Um caso analisado pelo Conselho Administrativo de Recursos Fiscais (Carf), no dia 29 de agosto, demonstra de forma cabal e indelével a verdadeira barafunda tributária em que o país se meteu.
O julgamento era para definir se aquele calçado apelidado de Crocs seria uma sandália de borracha ou um sapato impermeável. Qualquer pessoa que olhe para aquilo dirá que sapato impermeável não é, pois, além de aberto na parte posterior, o calçado tem diversos furinhos na frente. O que parece óbvio para qualquer ser humano normal, porém, não é para os fiscais da alfândega e outros órgãos de fiscalização.
De acordo com dados do processo, inicialmente a companhia [importadora] classificava os calçados na Nomenclatura Comum do Mercosul (NCM) 6.402: sandálias de borracha. A empresa, entretanto, teve seus produtos retidos no porto de Santos sob a alegação da fiscalização de que a classificação correta da mercadoria deveria ser a da NCM 6.401, destinada a sapatos impermeáveis.
Registre-se que a classificação NCM 6.402 declarada anteriormente pelo importador sujeitava o produto à cobrança de uma taxa de US$13 por par, a título de antidumping. Já a classificação NCM 6.401, apontada pela fiscalização, não está sujeita àquela taxa. Ou seja, originalmente, a empresa declarava o produto da forma que lhe era mais desvantajosa.
Chamada a opinar, a Câmara de Comércio Exterior (Camex), vinculada ao Ministério do Desenvolvimento, Indústria e Comércio Exterior (Mdic), que define os produtos a serem taxados por dumping, reconheceu que o produto deveria ser classificado na posição 6.401, e elaborou um laudo que confirmou a posição. Após ser multada pela classificação incorreta, a Crocs começou então a declarar o produto na posição indicada pela Camex.

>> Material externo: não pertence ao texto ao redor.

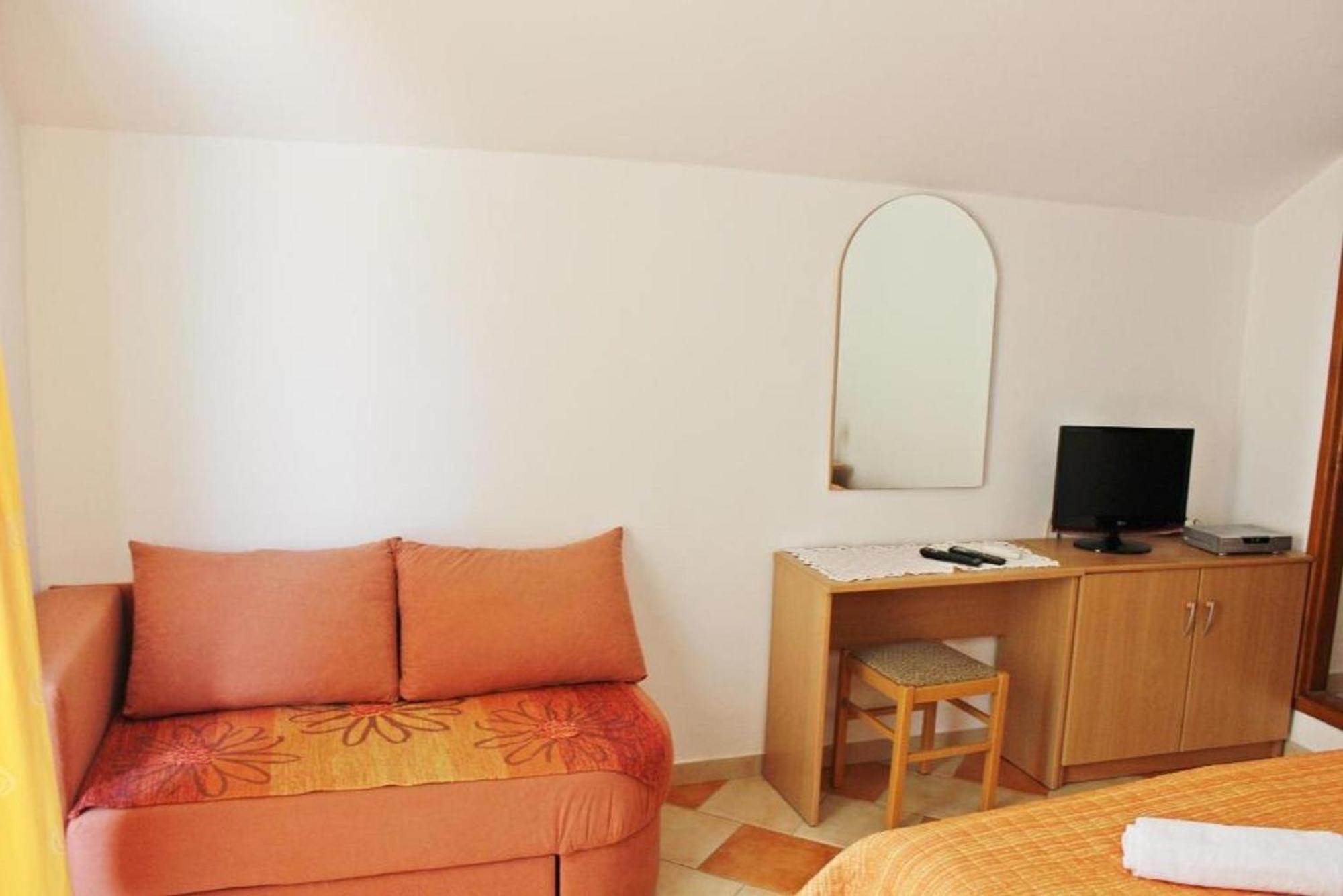Apartments Pansion Franka Brist Bagian luar foto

Em Pindorama, entretanto, nada é definitivo quando o assunto são tributos, e, tempos depois, a empresa teve seus produtos retidos novamente no porto, sob a alegação, adivinhem, de que a posição declarada estava errada, e deveria ser a 6.402 (sandália de borracha). A companhia, assim, foi multada novamente, o que gerou o recurso ao Carf.
Segundo a Receita Federal, a revisão aduaneira e o respectivo laudo da Câmara de Comércio Exterior não têm força de homologação. De acordo com a relatora do caso no Carf, o contribuinte deveria ter feito uma consulta formal à Receita Federal, que é o órgão competente para definir as classificações fiscais. O Mdic, segundo ela, não teria competência para tal.
Felizmente, a relatora foi voto vencido, e prevaleceu o bom senso. O caso, entretanto, é muito ilustrativo de como o Estado brasileiro obriga a sociedade a um esforço hercúleo para tentar entender o emaranhado de normas tributárias que edita todos os dias, a ponto de nem mesmo os órgãos fiscalizadores se entenderem.
Como já mencionei aqui mesmo nesse espaço, esse verdadeiro pandemônio tributário aumenta de forma absurda o custo das empresas, que dependem da assessoria contábil, jurídica e fiscal de inúmeros especialistas, se quiserem manter-se relativamente atualizadas em relação às suas obrigações perante a administração tributária.
É óbvio que esse custo é repassado aos consumidores de bens e serviços, ou seja, a todos nós. O IBPT estima que o empresário brasileiro precise arcar com um custo médio de R$ 50 bilhões por ano para manter equipe especializada, sistemas e equipamentos necessários para suprir as exigências do fisco.
Além de beneficiar os sonegadores, essa barafunda tem um efeito perverso sobre o empresário honesto, porque o mantém em permanente estado de insegurança com relação aos seus direitos e deveres perante o fisco. Num ambiente desses, ninguém pode saber, com algum grau de certeza, se as suas contas com o Leviatã encontram-se quites, ou mesmo se não está pagando mais do que o devido.
A consequência mais nefasta desse estado de coisas é a imensa vulnerabilidade dos empresários à ação de agentes fiscais mal intencionados, corruptos e achacadores, que se valem dessa, digamos, “altíssima complexidade normativa” em proveito próprio. “As leis abundam em Estados corruptos”, já dizia Publius Cornelius Tacitus, há quase 2000 anos. Será que um dia vamos aprender?
Fonte: Instituto Liberal, 12/09/2017.